Karolina Pliskova, l’ex eterna incompiuta

Karolina Pliskova, l’ex eterna incompiuta

Pareva piuttosto singolare che una tennista dal talento cristallino come Karolina Pliskova non riuscisse a raggiungere risultati all’altezza nei tornei dello slam.

Con la finale conquistata agli Us Open ha sfatato un tabù: mai, prima dello slam newyorkese, aveva superato gli ottavi di finale in uno slam (pur essendo stata l’anno scorso una top 10).
A seguito della finale a Flushing meadows, Pliskova è salita in classifica (ora è sesta) e con ogni probabilità giocherà il master di fine anno.

A New York Pliskova si è concessa il lusso di battere, una dopo l’altra, entrambe le sorelle Williams. Un’impresa in cui, prima di lei, erano riuscite in poche (negli slam solo Graf, Hingis, Henin).
Il match con Venus è stato il più sofferto e combattuto. Botte da orbi per due ore, un matchpoint a favore della più grande delle sorelle annullato con un rovescio poderoso all’incrocio delle righe, finché Pliskova non è riuscita a imporsi nel tie break finale sulla più anziana avversaria (12 anni in più su un campo da tennis si fanno sentire…).

Contro Serena, in semifinale, Pliskova dominato dall’inizio alla fine, complice anche l’infortunio al ginocchio dell’americana che ne limitava la mobilità.

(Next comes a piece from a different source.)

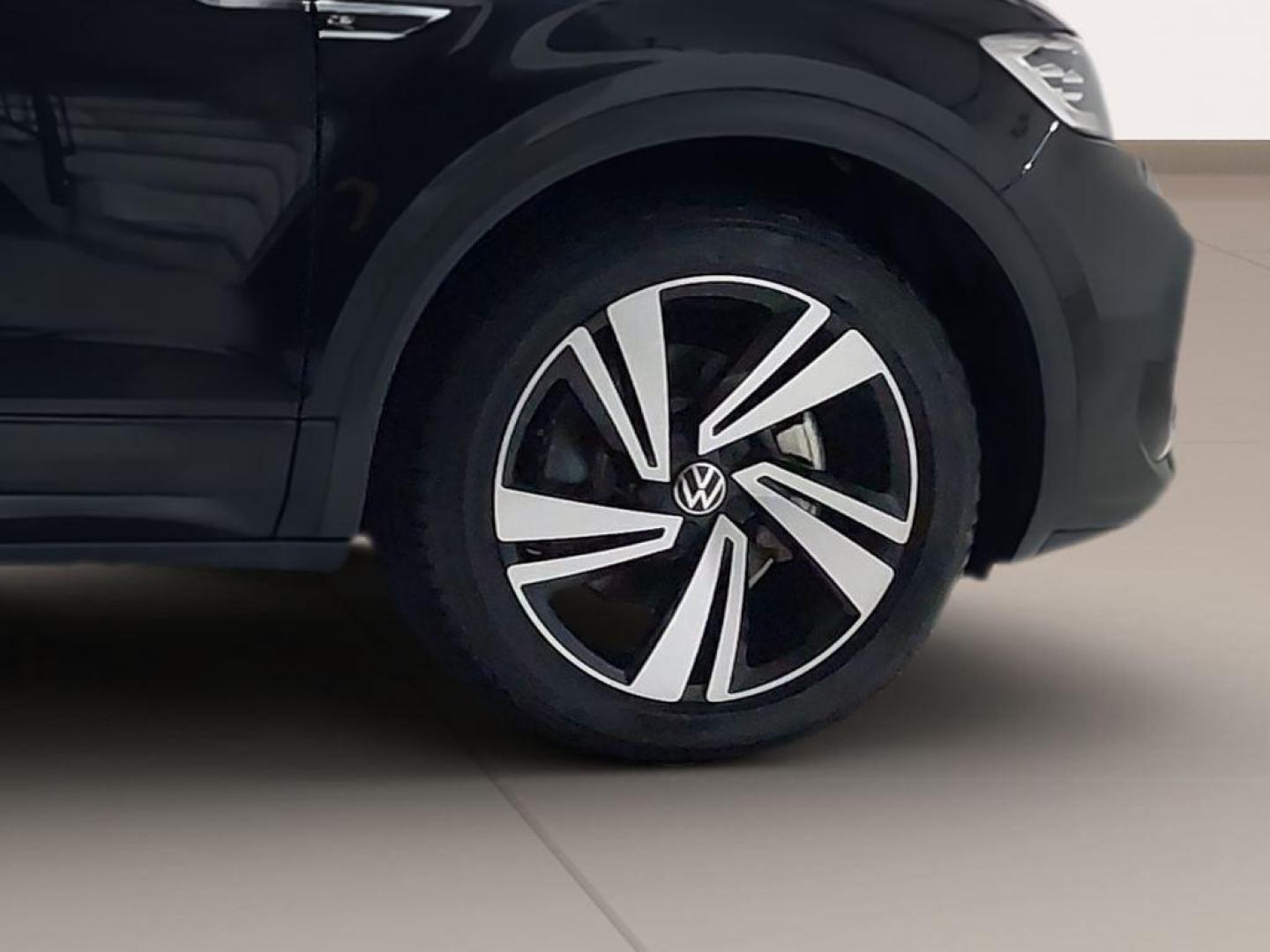 Volkswagen T-Roc R-Line 2.0 TDI 110 kW (150 CV) DSG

Il pubblico dell’Artur Ashe, 23.000 spettatori, compreso un parterre eccezionale di vip e celebrità, accorsi per tifare la loro beniamina, è rimasto atterrito quando, in poco più di mezz’ora di gioco, la giocatrice sfavorita ha fatto suo il primo set in scioltezza. A nulla sono servite le intimidazioni della Williams nel secondo. Nonostante l’equilibrio del parziale, non si è mai avuta la sensazione che Serena potesse davvero ribaltare il match. Troppo solida e efficace la Pliskova (anche se, per via della tensione, qualcosa ha concesso, soprattutto nei suoi turni di battuta).

La finale contro la Kerber, invece, l’ha persa solo perché, dopo due ore di tennis sfiancante cui l’ha sottoposta l’avversaria al solito coriacea, non aveva più energie. Lo si è visto plasticamente quando, sotto 5 a 4 nel terzo set, ha ceduto di schianto la battuta, consegnando così il match e il titolo alla Kerber.

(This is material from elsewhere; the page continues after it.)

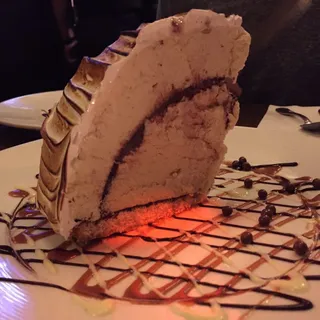 Baked Alaska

Della Ceca colpisce innanzitutto l’aspetto estetico: gambe chilometriche, da fenicottero (non avesse intrapreso la carriera tennistica avrebbe potuto fare l’indossatrice), i tatuaggi tribali su avambraccio e coscia sinistra, i capelli biondi e gli occhi di un azzurro glaciale tipici delle ragazze dell’est; ma le qualità tennistiche non sono da meno: un servizio piatto, angolato e potente, scagliato dall’alto dei suoi 186 centimetri d’altezza, che è il fulcro del suo gioco (in stagione detiene il record di ace, ben 466), un diritto e un rovescio, due colpi piatti e puliti, ben impattati (è raro vedere un diritto come il suo).

Il tennis di Pliskova è estremamente composto, elegante nelle movenze, terribilmente efficace (specie quando è in giornata). Il difetto più vistoso del suo gioco è rappresentato dalla scarsa mobilità, che è compensata però dalle leve lunghe, che le permettono di arrivare facilmente anche su palle lontane; e da una seconda di servizio, decisamente più debole della prima.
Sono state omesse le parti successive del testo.